I'm having some issues with the CUDA nvprof profiler. Some of the metrics on the site are named differently than in the profiler, and the variables don't seem to be explained anywhere on the site, or for that matter anywhere on the web (I wasn't able to find any valid reference).
I decoded most of those (here: calculating gst_throughput and gld_throughput with nvprof), but I'm still not sure about:
elapsed_cycles
max_warps_per_sm
Anyone knows precisely how to count those?
I'm trying to use the nvprof to assess some 6000 different kernels via cmdline, so it is not really viable for me to use the visual profiler.
Any help appreciated. Thanks very much!
EDIT: What I'm using:
CUDA 5.0, GTX480 which is cc. 2.0.
What I've already done:
I've made a script that gets the formulas for each of the metrics from the profiler documentation site, resolves dependencies for any given metric, extracts those through nvprof and then counts the results from those. This involved using a (rather large) sed script that changes all the occurrences of variables that appear on the site to the ones with the same meaning that are actually accepted by the profiler.

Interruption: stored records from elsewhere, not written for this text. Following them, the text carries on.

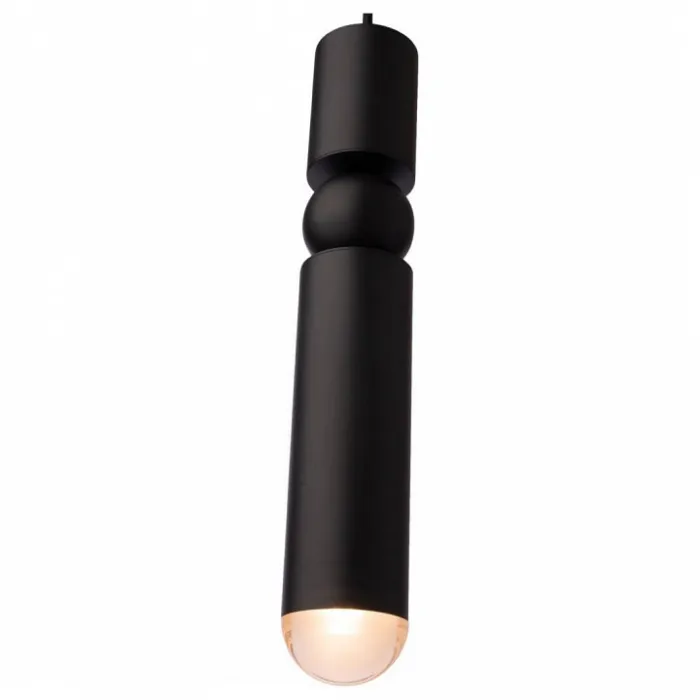 Подвесной светильник Loft it Lee 1511-BL Цвет плафонов черный Цвет арматуры черный от ImperiumLoft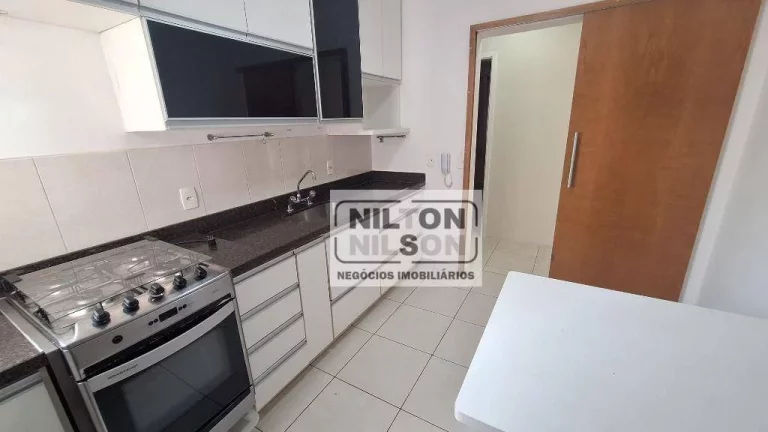 Imagem Apartamento com 3 dormitórios para alugar, 84 m² por R$ 3.600,00/mês - Cambuí - Campinas/SP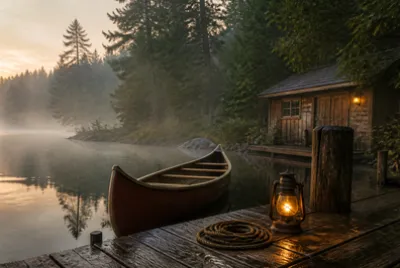 Misty Dock Kanu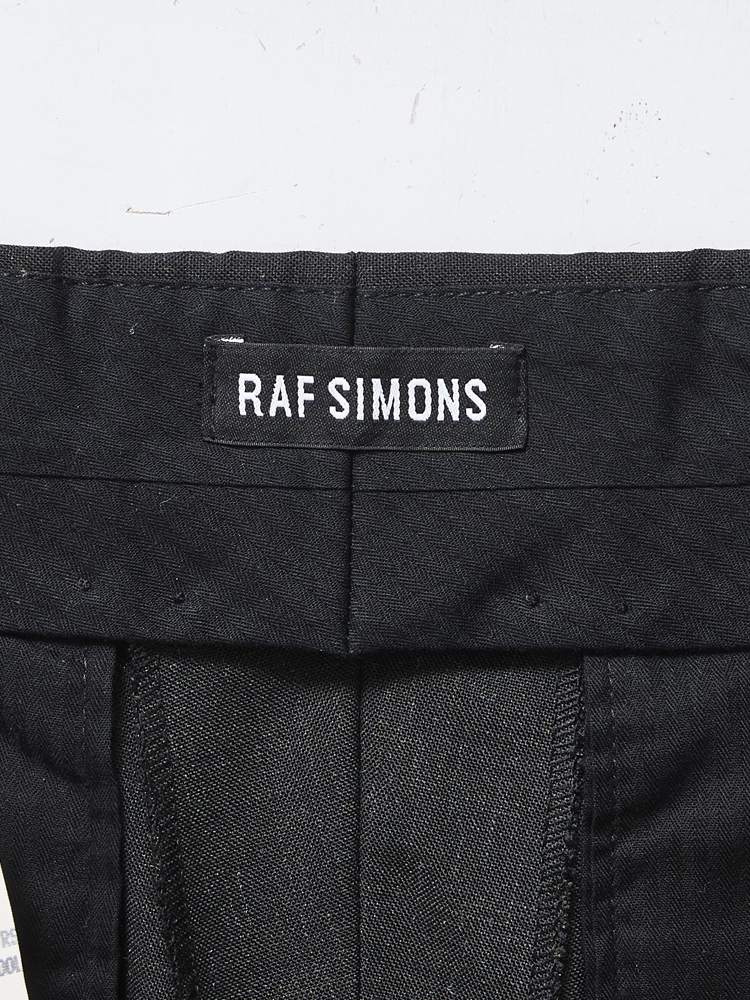 RAF SIMONS</br>2013 SS_4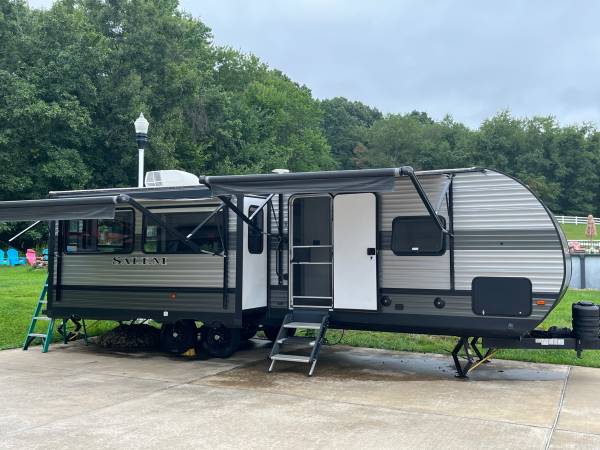 2019 Forest River 1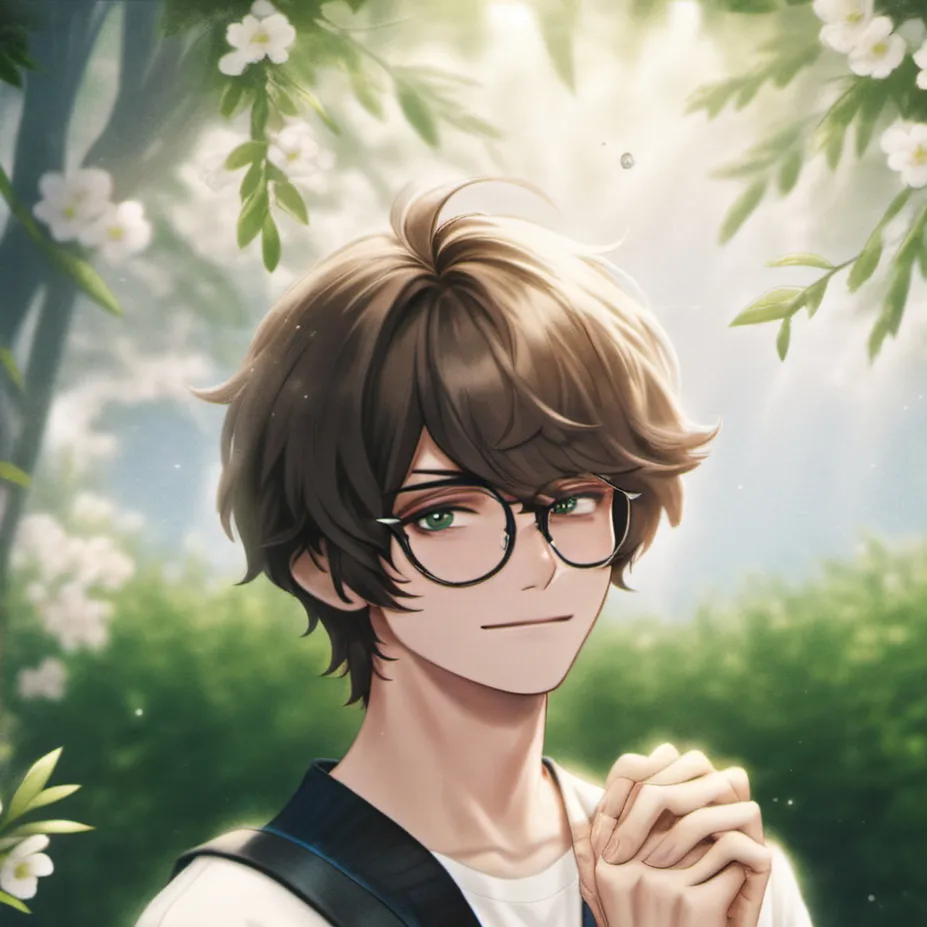 chat with ai character: Kyle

Basically I've emulated grepping metrics via nvprof. I'm just having problems with those:
Why there is a problem with those concrete variables:
max_warps_per_sm - If it is the bound of the cc or another metric/event which I am perhaps somehow missing and is specific for my program (wouldn't be a surprise as some of the variables in the profiler documentation have 3 (!) different names all for the same thing).
elapsed_cycles - I don't have elapsed_cycles in the output of nvprof --query-events. Not even anything containing the words "elapse" and the only one containing "cycle" is "active_cycles". Could that be it ? Is there any other way to count it? Is there any harm done in using "gputime" instead of this variable ? I don't need absolute numbers, I'm using it to find correlations and analyze code so if "gputime"= "elapsed_cycles" * CONSTANT, I'm perfectly okay with that.